### [Task directions]
All that is wanted is the exact lines from the one with "Apartment Vera With" through the last line of the entries, with both ends kept and every picture left out.

** Opening Recorded data block **

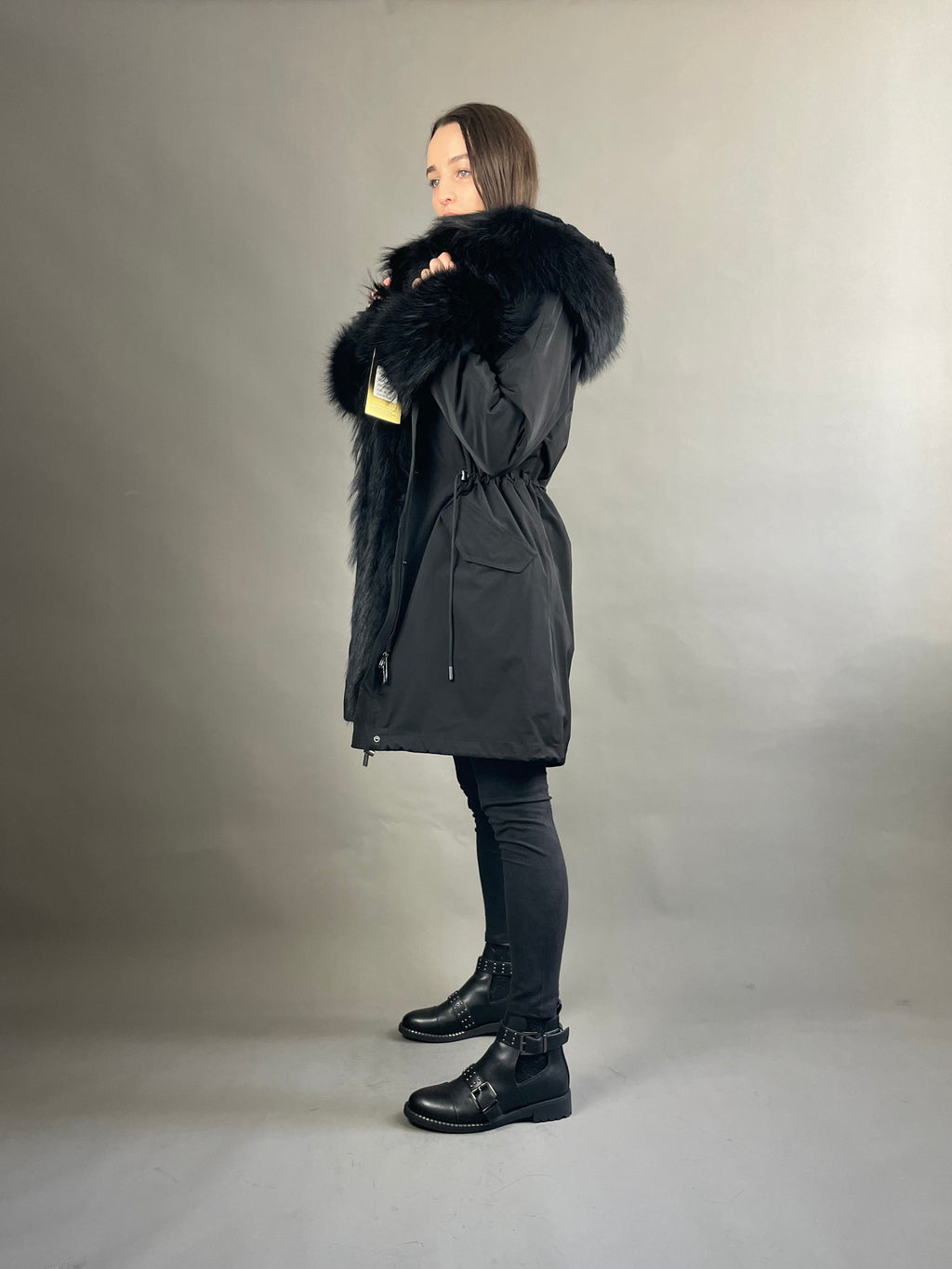 Parka LUX nero con pelliccia di procione, 95 cm, 4 tasche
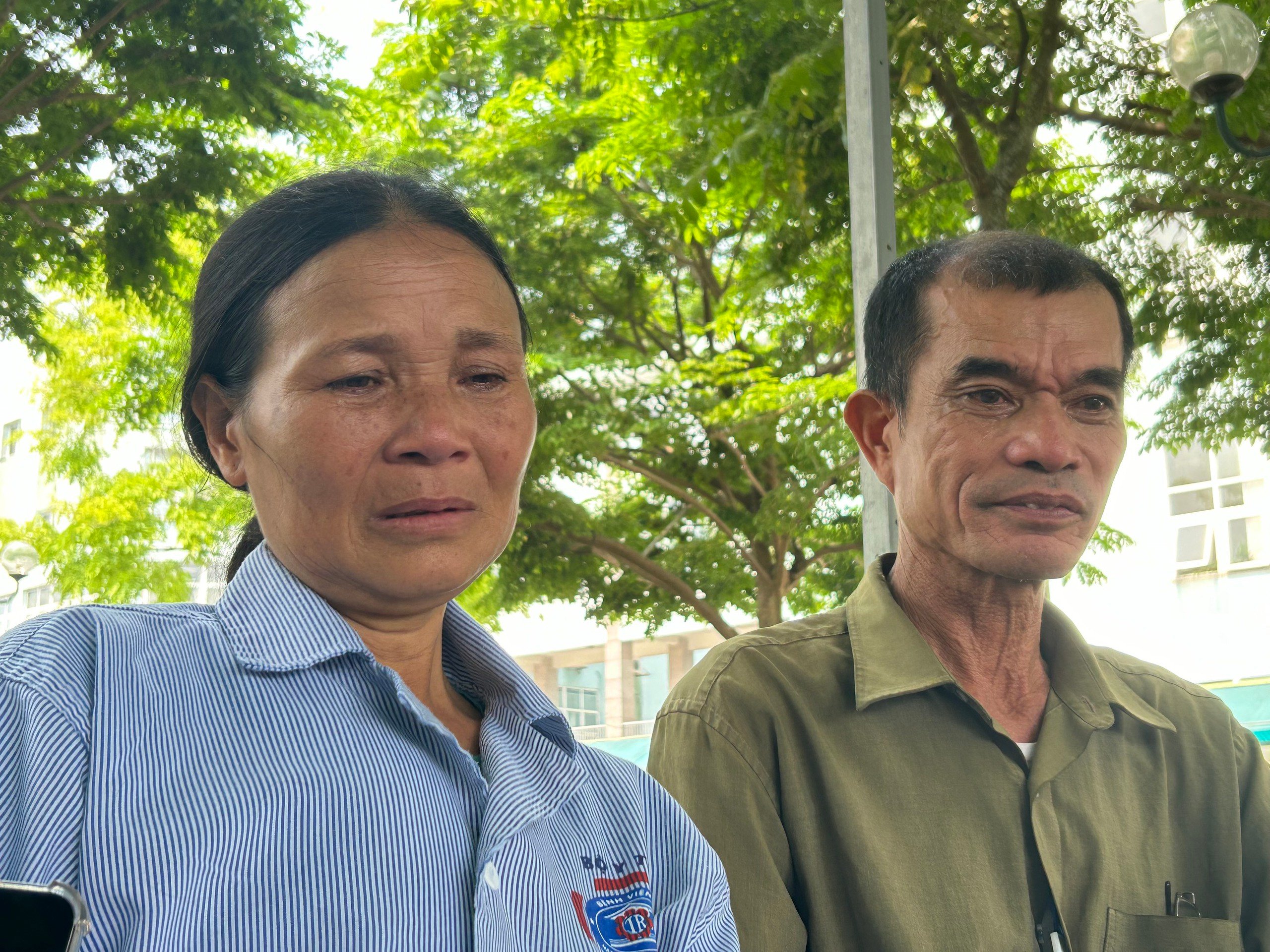 Bế tắc nhìn con trai bị liệt, vợ ung thư, bản thân mất sức lao động- Ảnh 3.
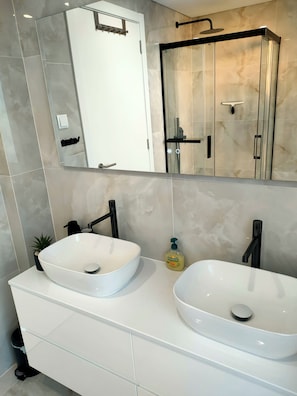 Hair dryer, bidet, towels, soap - Luxuosa Casa de Praia a 40 Minutos de Lisboa (Setúbal)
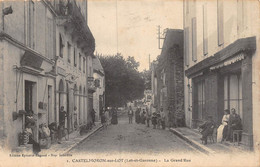 21-888 :  CASTELMORON-SUR-LOT. GRAND'RUE. CACHET HOPITAL TEMPORAIRE. SECOURS AUX BLESSES - Castelmoron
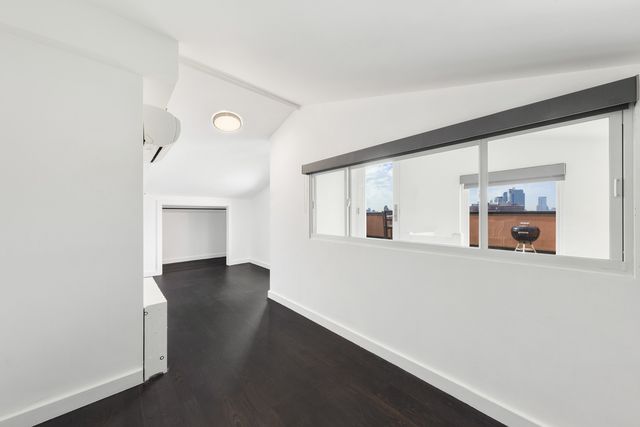 $925,000 | 636 Leonard Street, Unit 4A | Greenpoint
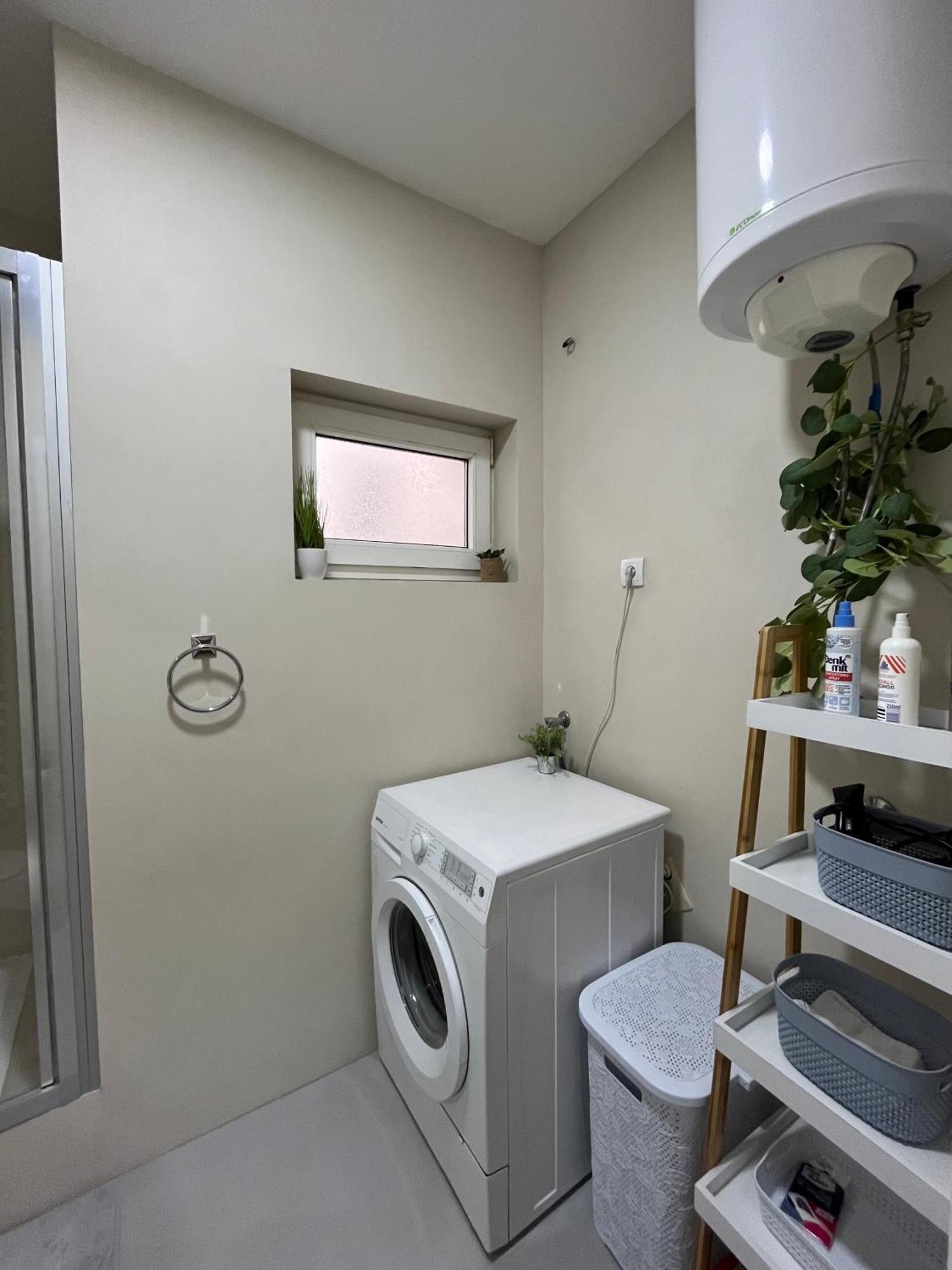 Apartment Vera With Free Garage Újvidék Kültér fotó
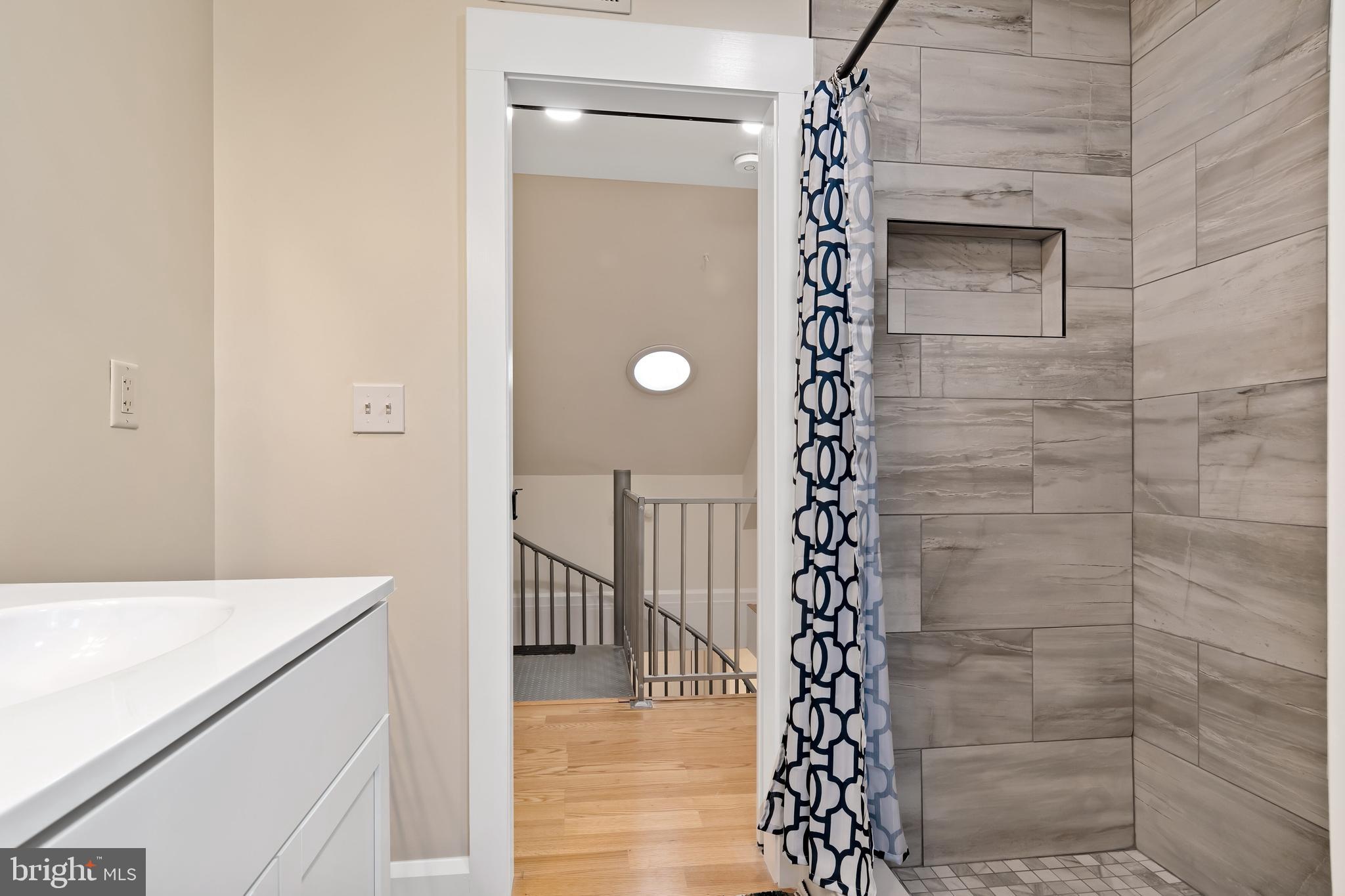 CHESAPEAKE LANDING - Residential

** Closing Recorded data block **

### [Answer to the exercise]
 Apartment Vera With Free Garage Újvidék Kültér fotó
 CHESAPEAKE LANDING - Residential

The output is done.